Sparse4DGS: 4D Gaussian Splatting for Sparse-Frame Dynamic Scene Reconstruction

Conference: AAAI 2026 arXiv: 2511.07122 Code: Project Page Area: 3D Vision Keywords: dynamic scene reconstruction, 4D Gaussian splatting, sparse frames, texture-awareness, stochastic gradient Langevin dynamics

TL;DR

Sparse4DGS is proposed as the first method for sparse-frame dynamic scene reconstruction, achieving high-fidelity 4D scene reconstruction from sparse video frames via two core modules: Texture-Aware Deformation Regularization (TADR) and Texture-Aware Canonical Optimization (TACO).

Background & Motivation

Existing dynamic Gaussian splatting methods such as Deformable3DGS and 4DGaussians have demonstrated significant progress in 4D scene reconstruction, but they rely heavily on dense-frame video sequences (typically hundreds of frames). In practice, only sparse frames are often available due to hardware constraints such as low-frame-rate cameras.

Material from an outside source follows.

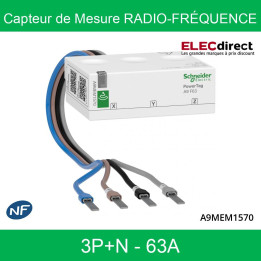 Schneider - PowerTag - Capteur de mesure radio-fréquence - Vigi DT40/iC60 - 3P+N - 63A - am/av - Réf : A9MEM1570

The authors find that when the number of input frames is reduced from dense to sparse, existing methods suffer severe degradation in texture-rich regions, due to two factors: 1. Deformation space degradation: Insufficient temporal constraints from sparse inputs prevent the deformation network from accurately modeling geometric changes in high-frequency texture regions. 2. Canonical space degradation: The canonical Gaussian field lacks adequate supervision signals, leading to geometric collapse in regions with complex texture.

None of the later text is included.